ROBERT WICKENS: It's incredible. I mean, it's a privilege to even have the opportunity to drive in the Indy 500. I mean, this guy started from pole, which is remarkable, at the 100th, which is something he can take to his grave. But no, I'm just really excited to get going and kind of get on with it. I mean, the Indy 500 is a race that I've watched, I think, every year since I can remember, watching it on TV. I'm just really looking forward to experiencing the whole thing, seeing the grandstands full over here, and kind of — yeah, just kind of hopefully I can look back at the end of the day and be happy with the job that we did.
Q. James, in the off-season you made it abundantly clear you wanted a teammate that could help push you and the team forward. Four races in, has Rob done that?

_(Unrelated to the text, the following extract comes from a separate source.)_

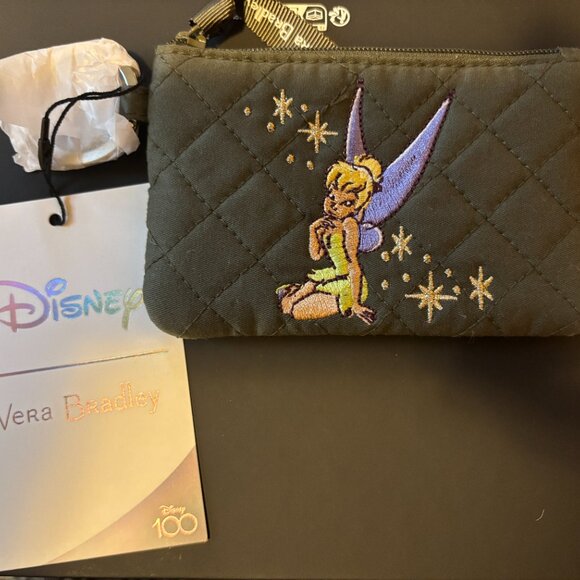NWT Vera Bradley and Disney Tinkebell Card Holder - Picture 3 of 3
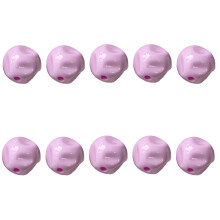 Recyclable Plastic Figure Molded Beads For DIY Fashion-Purple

JAMES HINCHCLIFFE: Yeah, you could say that. That would be the understatement of the year, I think. I think every single member of the team and every department of the team has benefitted from Robby being here. He's pushed the engineers a lot. He's brought a lot of insight on the mechanical side, things just that he's experienced in his career, and then I don't think anybody has benefitted as much as I have just because having a strong driver in the second car is the only way to make a team really better having two strong drivers I should say, and Robby and I luckily enjoy very similar setups. I think that's one of the big problems I've had the last couple seasons is my teammates have been quick at times, but we use very different race cars to achieve that. Him and I like very similar cars. We'll come in from a session and look at the data trace, and they almost look like they overlap completely with one or two exceptions, and we learn each other's one or two exceptions and we both get better. That's the essence of teamwork in motorsports.
Yeah, I think Robby has made the team better in every department over the first four races of the season.